Evening the political field
Former congressional candidate Liuba Grechen Shirley recently launched the first political action committe in the nation to help fund political campaigns for mothers with young children.
Vote Mama, helmed by an advisory committee of over a dozen congresswomen and state and local legislators, looks to provide nearly half a million dollars in funding to progressive candidates with young children who are running for public office throughout the county this year, according to officials.
Grechen Shirley said the PAC will apply to candidates “up and down the ballot,” meaning that funding would go to anyone from local legislators to state senators. “When I decided to run for congress last year, one of the hardest parts was figuring out how to do it with babies,” she said in a statement last week. Her children are currently 4 and 2 years old.
Vote Mama, whose committee members include Nassau County Executive Laura Curran and New York Lt. Gov. Kathy Hochul, endorses progressive moms who support a woman’s right to choose, paid family leave and universal pre-K, officials said.
Grechen Shirley also told this publication that Vote Mama would not accept corporate PAC money, a move that she made a hallmark of her campaign last year to represent New York State’s 2nd congressional district.
“We’re doing this with small, individual donations,” she said.
Grechen Shirley, an Amityville resident, lost to longtime congressman Peter King (R-Seaford) in November’s general election with 46.9 percent of the vote. Her campaign made national headlines when the Federal Election Committee approved her request to use campaign funds to cover childcare expenses while she was out campaigning.
U.S. Sen. Elizabeth Warren has since weighed in on Grechen Shirley’s latest initiative. Warren, a likely candidate for the 2020 presidential race, said the longtime Democratic activist is continuing to “[pave] the way for working parents running for office” with Vote Mama.

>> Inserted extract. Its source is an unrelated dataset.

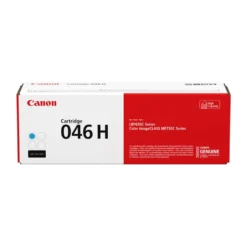 Lasertoner Canon CRG 046H cyan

“Right now, a lot of moms wait until their children are grown before they run for political office,” Warren wrote in a statement. “Because they wait to get started, it’s harder for women to achieve leadership positions at the same rate as men.”

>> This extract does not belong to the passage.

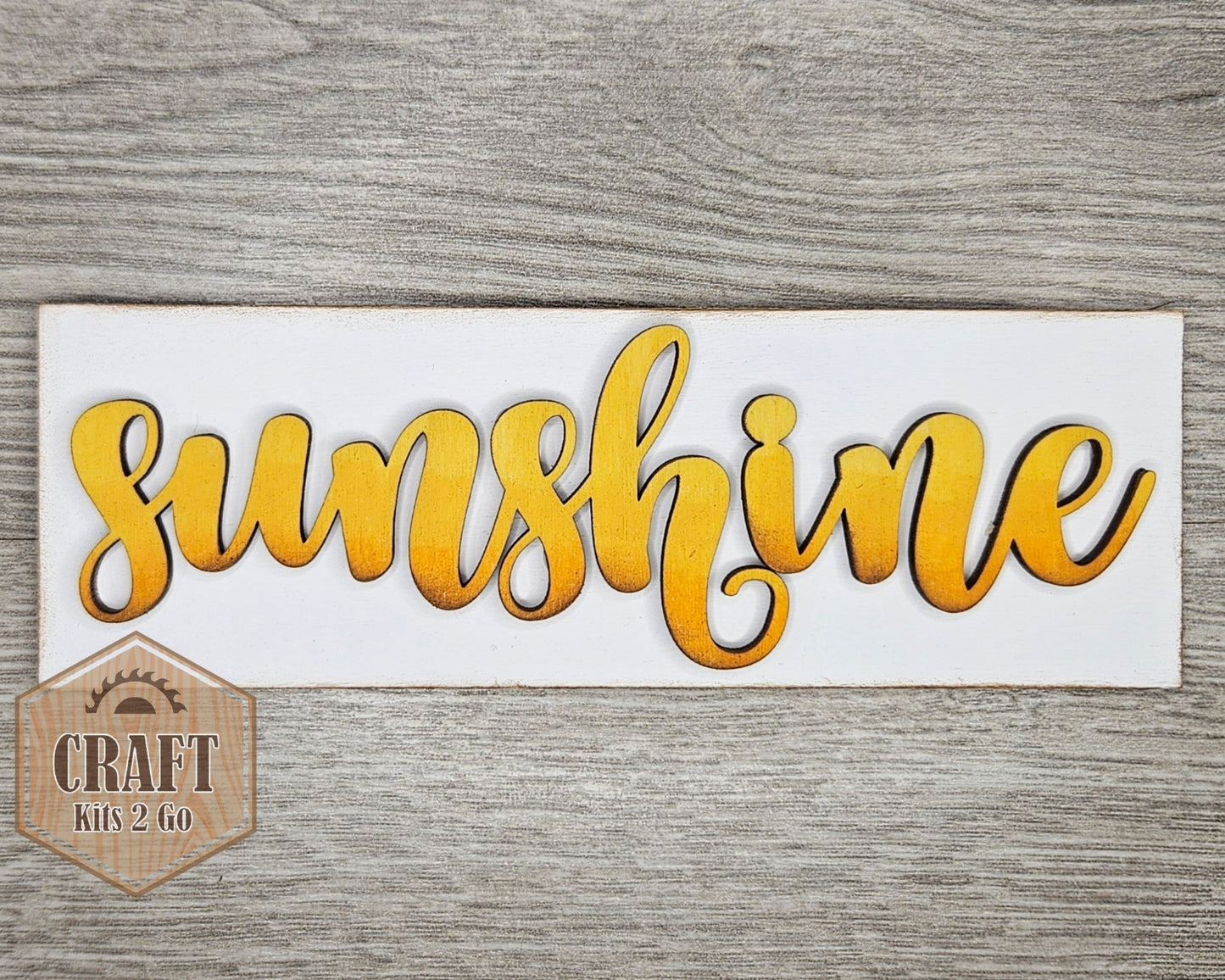 Sunshine Sign | #3210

Vote Mama found that just 25 women in congress are serving with children age 18 and below. This equates to 5 percent of congress. However, over 100 men in congress are serving with children 18 and below. Their data also found that in 2018, all seven women who ran for congress with children age 2 or younger lost.
PAC officials pointed to a recent study conducted by the Barbara Lee Family Foundation, which found that voters often express concern about the ability of female candidates and elected officials to balance their home life and services to the public.
The study, entitled “Modern Family: How Women Candidates Can Talk About Politics, Parenting, and Their Personal Lives,” also found that voters frequently worry about the effect running for public office will have on the candidate’s children, on the candidate as a person, and on the job she or he will do once in office.
Additional information finds that the age of a female candidate’s child or children matters a great deal in overcoming critiques. Voters, according to the study, associate different challenges with various children’s age groups. In essence, having younger children is more difficult for voters to accept than older children.
“There is no playbook for running for office with kids – so I’m making one,” Grechen Shirley said. “Too often, moms with young kids are dismissed outright because we’re seen as unviable – and blocked from key early support that could help us win.”